**What the task asks**. Nothing below is to be printed except the lines between the line holding "Hello guys, today" and the line holding "Second, find the", inclusive, each exactly as it appears.

**Data shown**.

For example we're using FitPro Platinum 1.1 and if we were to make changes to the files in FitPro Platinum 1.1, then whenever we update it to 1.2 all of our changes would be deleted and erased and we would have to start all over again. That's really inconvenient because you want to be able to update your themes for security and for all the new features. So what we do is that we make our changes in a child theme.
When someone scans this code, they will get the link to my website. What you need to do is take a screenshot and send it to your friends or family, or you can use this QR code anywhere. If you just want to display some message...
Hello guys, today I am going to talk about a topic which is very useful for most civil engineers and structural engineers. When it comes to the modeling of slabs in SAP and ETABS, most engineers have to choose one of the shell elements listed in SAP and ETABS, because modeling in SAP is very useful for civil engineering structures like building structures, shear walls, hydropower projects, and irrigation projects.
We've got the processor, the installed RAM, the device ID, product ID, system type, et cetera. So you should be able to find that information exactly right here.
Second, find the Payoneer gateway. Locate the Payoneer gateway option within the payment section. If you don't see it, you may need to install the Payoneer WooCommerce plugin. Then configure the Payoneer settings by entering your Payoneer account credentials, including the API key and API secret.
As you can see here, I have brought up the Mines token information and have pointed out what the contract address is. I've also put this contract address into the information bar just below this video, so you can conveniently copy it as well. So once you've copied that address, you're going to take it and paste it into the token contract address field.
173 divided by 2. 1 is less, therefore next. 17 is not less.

* * *

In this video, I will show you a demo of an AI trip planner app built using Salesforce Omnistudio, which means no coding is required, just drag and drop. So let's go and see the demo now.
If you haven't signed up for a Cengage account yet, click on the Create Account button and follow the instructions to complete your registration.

**Solution**.
Hello guys, today I am going to talk about a topic which is very useful for most civil engineers and structural engineers. When it comes to the modeling of slabs in SAP and ETABS, most engineers have to choose one of the shell elements listed in SAP and ETABS, because modeling in SAP is very useful for civil engineering structures like building structures, shear walls, hydropower projects, and irrigation projects.
We've got the processor, the installed RAM, the device ID, product ID, system type, et cetera. So you should be able to find that information exactly right here.
Second, find the Payoneer gateway. Locate the Payoneer gateway option within the payment section. If you don't see it, you may need to install the Payoneer WooCommerce plugin. Then configure the Payoneer settings by entering your Payoneer account credentials, including the API key and API secret.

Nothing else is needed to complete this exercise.